Dynamic range is not the reason why I'm suggesting that you try using the offset binary format. With offset binary format the values of the samples will just be shifted (0 to 4095) but the range is still the same.
With binary offset, the user has flexibility in interpreting the output code. If the input signal is unipolar the output code can be treated as straight binary code (0X0..0 to 0XF..F unsigned). If the input is bipolar the output is a signed data format, you can convert to two's complement by simply complementing the leftmost bit or subtracting the offset if sign-extension is needed (when the destination is wider than the number of bits from the ADC). If the input is bipolar but level-shifted to become unipolar the user has freedom whether to treat the output code as straight binary or sign-encoded.

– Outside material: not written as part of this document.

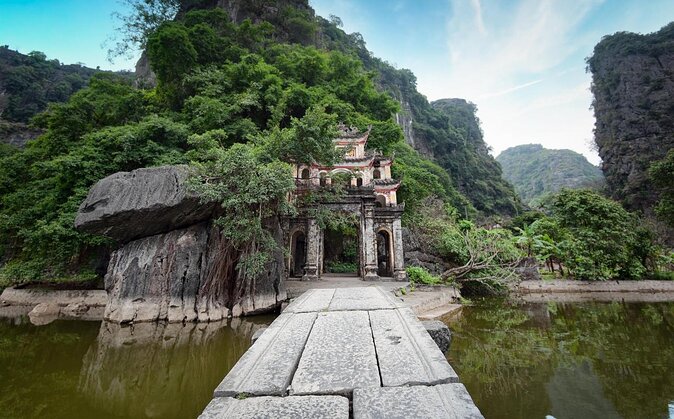 Hoa Lu Tam Coc Full-Day DELUXE Tour Including BUFFET LUNCH & River Boat Ride - Why Tam Coc deserves the day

What I am suggesting you to explore is the possibility of avoiding to reformat the data from the DMA buffer. This is possible if your ADC output is in offset binary format and you configure the FIFO so that you always read 0s from bits 12 to 15 and 28 to 31. Then you will only need to search the minimum and maximum. In thibaut's code you can remove the statement
data <<= 4;
or the statement(s) that you used to sign-extend the data. Getting rid of that/those statement/s translates to faster execution and it avoids the unnecessary change of scale of the samples. Moreover, you have the freedom to choose between uint16_t, int16_t, or q15_t as the data type of the samples. Even if there is a possible hindrance in using the offset binary format I have less doubt that processing using two's complement code can only be as fast but not faster with offset binary format. Thus, it's worth exploring if you can avoid the two's complement format.
So, good luck on your thesis it's an interesting application of high-performance MCU.
I do totally agree with goodwin on this binary offset usage.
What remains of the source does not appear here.